Under straight-line depreciation, the taxpayer is allowed to deduct one-seventh of the value of an asset with a recovery period of seven years. The remaining basis in each year is the share of the asset that has not yet been depreciated and that can be depreciated in future years. At the end of seven years, all the asset has been depreciated, and zero basis remains. Under the double-declining-balance method, two-sevenths of the value of the asset may be depreciated in the first year. In subsequent years, two-sevenths of the remaining basis may be taken as a deduction. With these rules, the asset would never be fully depreciated. Thus taxpayers at any point may switch to applying straight-line depreciation to the remaining basis. After year three, it is not advantageous to switch to straight-line, since the deduction allowed in year four would equal 0.364/4 = 0.091, which is less than the amount allowed under double-declining balance (0.104). In the following year, it is advantageous to switch, and the remaining basis is depreciated over the final three years of the asset.[10] Tax depreciation effectively reduces the purchase price of an asset.[11]
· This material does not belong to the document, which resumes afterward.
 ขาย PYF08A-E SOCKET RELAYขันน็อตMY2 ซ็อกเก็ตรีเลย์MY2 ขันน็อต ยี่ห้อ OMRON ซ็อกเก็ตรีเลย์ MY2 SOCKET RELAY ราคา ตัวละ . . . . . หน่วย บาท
Electric generating capital is depreciated over different tax lives, depending on the type of plant. Recovery periods range from five years for renewable energy to twenty years for coal. High-voltage electricity transmission lines received a fifteen-year recovery period in the Energy Policy Act of 2005. That act also clarified the depreciation of natural-gas gathering (seven years) and reduced the recovery period of distribution pipelines from twenty years to fifteen. In addition, the new law contains a provision allowing partial expensing of new refinery capacity placed in service before 2012. The provision allows for 50 percent expensing, with the remainder deducted, as under current law.

New deprecation provisions for “smart grid” technology were included in the Emergency Economic Stabilization Act of 2008, passed last October. The tax lives of smart meters and other demand-response technology were reduced from twenty years to ten.[12]
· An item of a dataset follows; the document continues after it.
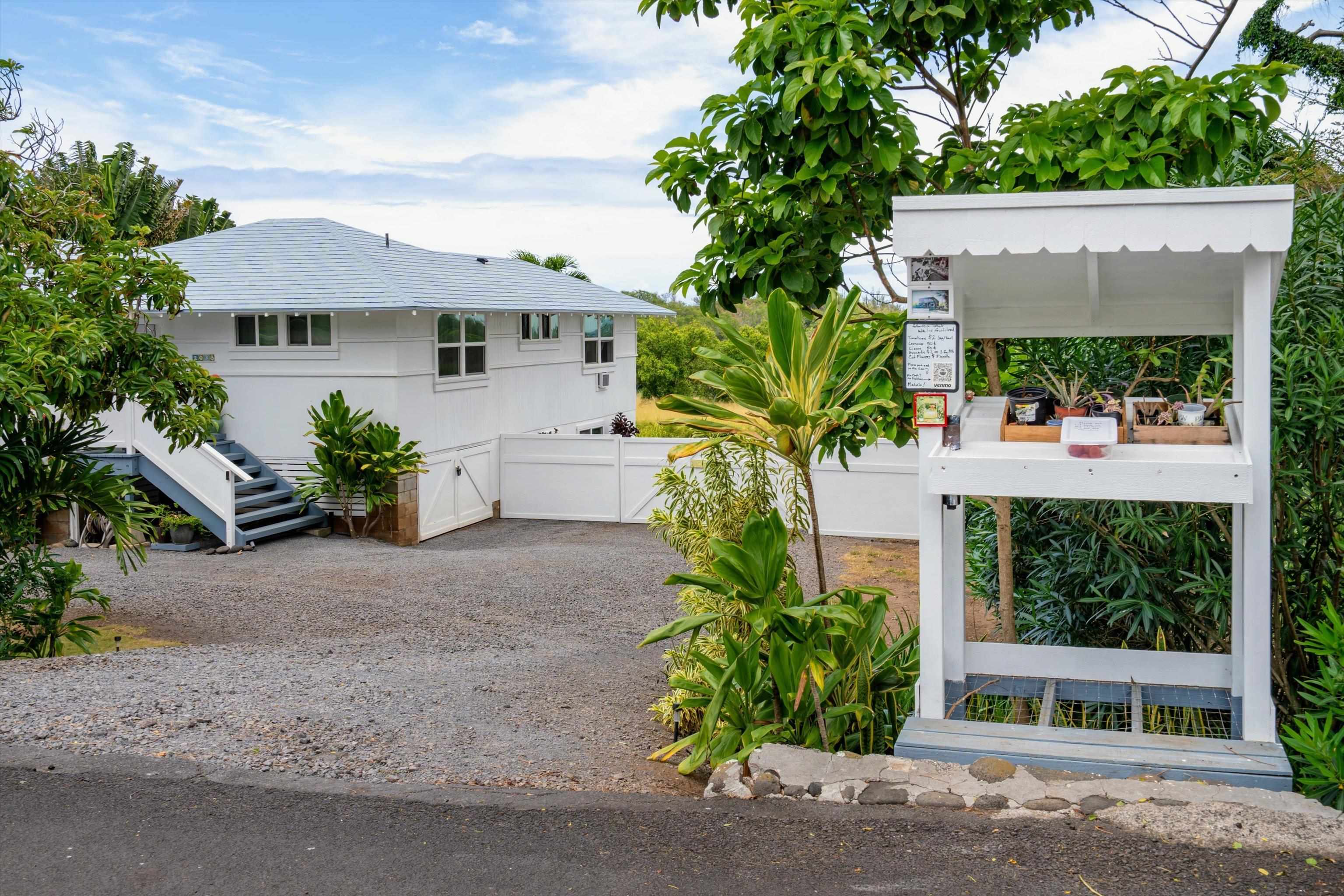 2038 Kahekili Hwy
2. Depreciation and Fossil-Fuel Production

Depreciation of assets in the production of fossil fuels (oil and gas drilling and coal mining) requires additional attention. Chief among the depreciation preferences are percentage depletion and the ability to expense intangible drilling costs. As noted in Metcalf (2007), these preferences are less generous than they have been historically, but they continue to be significant. Some background will help explain these tax benefits.

Capital investments in developing oil and gas production sites fall into one of three categories for federal tax purposes. Costs incurred in finding and acquiring the rights to oil or gas are treated as depletable property and are written off over the life of the oil or gas site. These include exploration costs to identify promising sites as well as the cost of up-front (or bonus) bids to acquire sites. Once a site is identified and purchased, its oil or gas enters a firm’s proven reserves. As natural resources are extracted from booked reserves, the value of those reserves is diminished. Cost depletion allows a firm to write off depletable costs as the reserve is drawn down.[13]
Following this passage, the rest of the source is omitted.